Exercise inputs:
----------
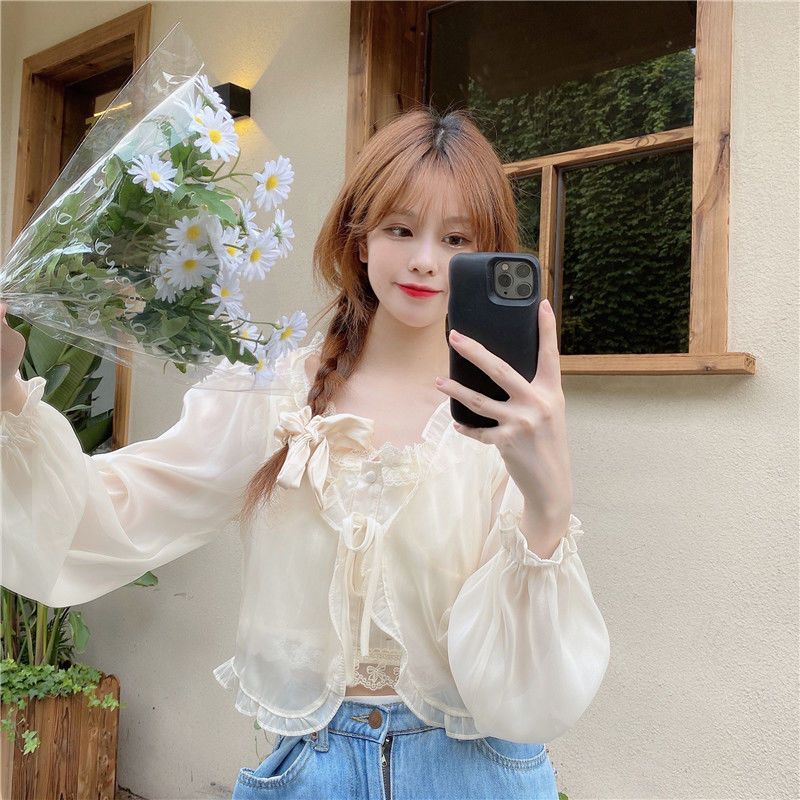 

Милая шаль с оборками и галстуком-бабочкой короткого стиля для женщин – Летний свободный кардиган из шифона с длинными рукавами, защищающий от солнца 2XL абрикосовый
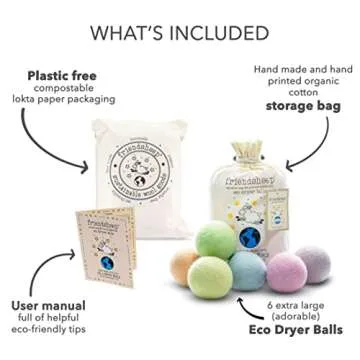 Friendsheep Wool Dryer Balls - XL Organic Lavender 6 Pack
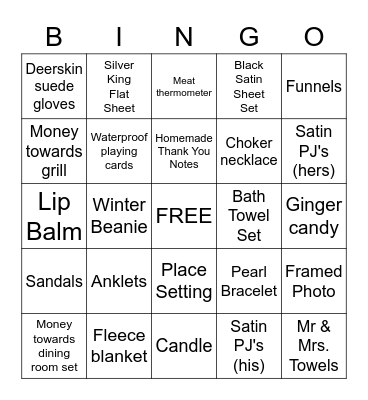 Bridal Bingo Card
----------
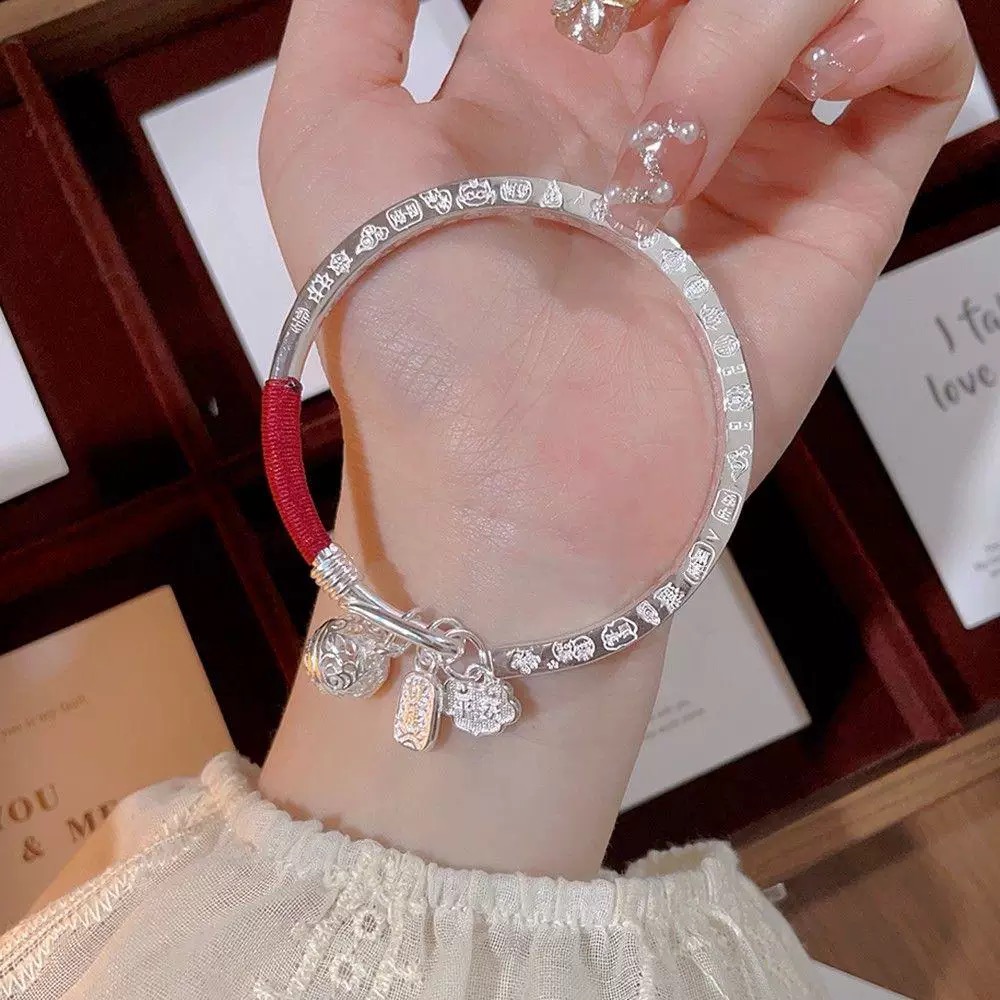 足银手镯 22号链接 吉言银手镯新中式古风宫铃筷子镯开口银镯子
----------
Problem statement: Using the listing above, reproduce word for word every line from the one containing "Милая шаль с" through the one containing "Bridal Bingo Card". Pictures must be left out.

Solution:
Милая шаль с оборками и галстуком-бабочкой короткого стиля для женщин – Летний свободный кардиган из шифона с длинными рукавами, защищающий от солнца 2XL абрикосовый
 Friendsheep Wool Dryer Balls - XL Organic Lavender 6 Pack
 Bridal Bingo Card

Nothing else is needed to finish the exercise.